Using only the entries below, copy exactly the lines that begin at the one with "Η οικονομία στο" and end at the one with "Casa Con Piscina Adibita a Ricezione Ospiti", both included. Drop the pictures.

Records provided =
:::

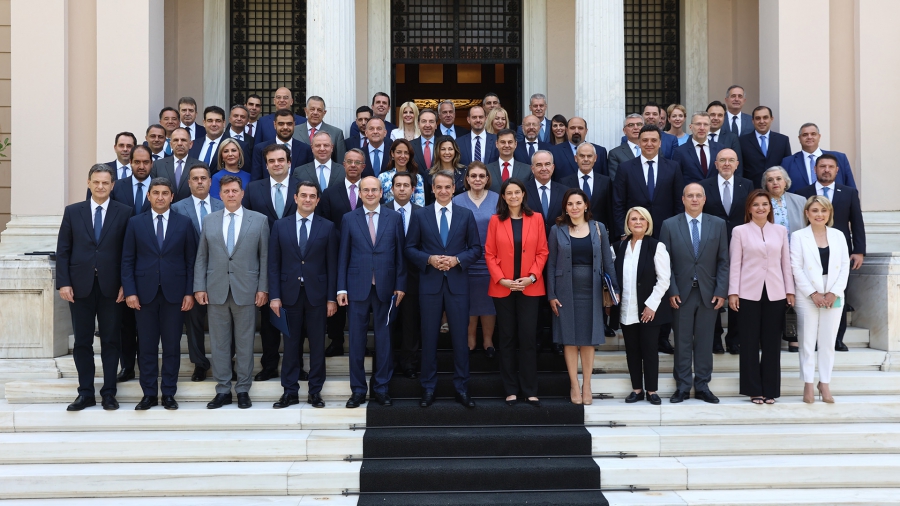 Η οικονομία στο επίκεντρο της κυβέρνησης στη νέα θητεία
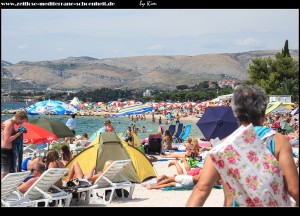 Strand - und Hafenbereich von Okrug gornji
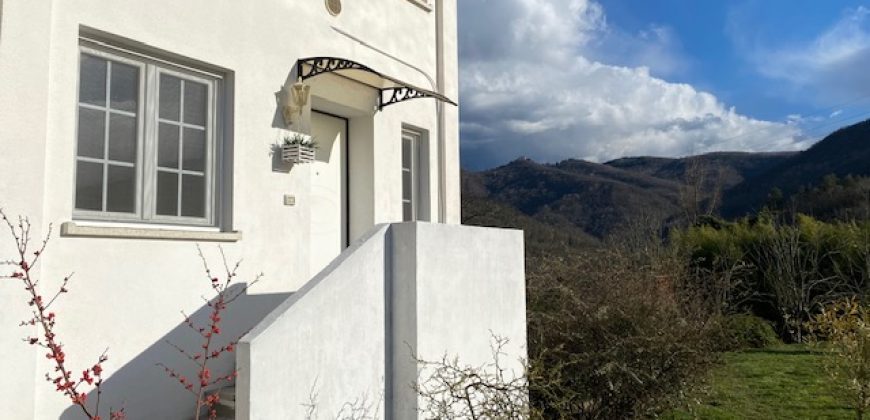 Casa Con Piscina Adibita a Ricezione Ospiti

:::

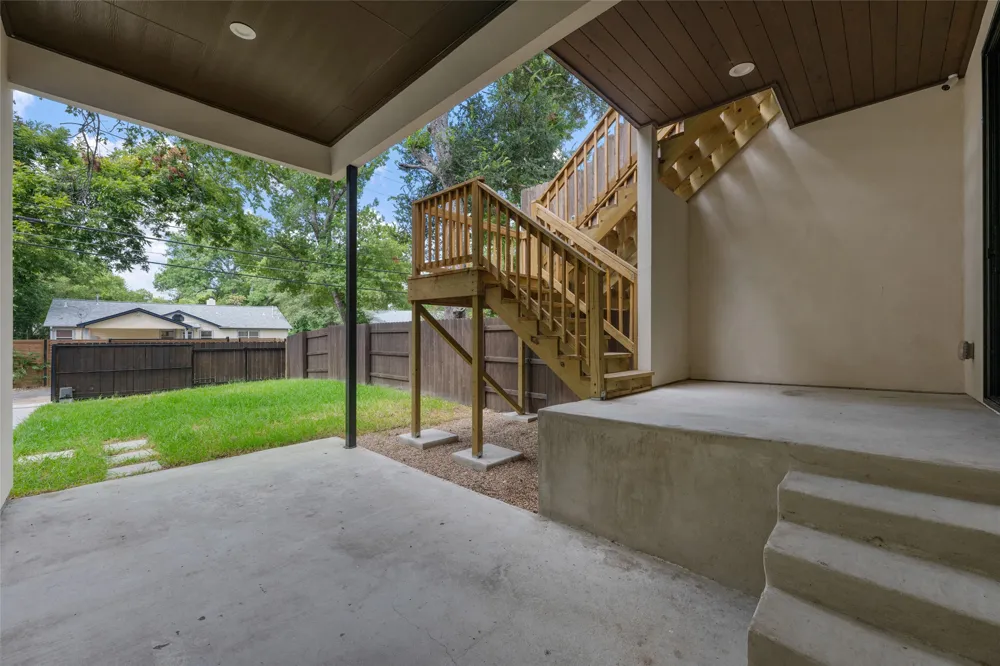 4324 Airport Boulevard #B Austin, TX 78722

:::

Problem solution =
 Η οικονομία στο επίκεντρο της κυβέρνησης στη νέα θητεία
 Strand - und Hafenbereich von Okrug gornji
 Casa Con Piscina Adibita a Ricezione Ospiti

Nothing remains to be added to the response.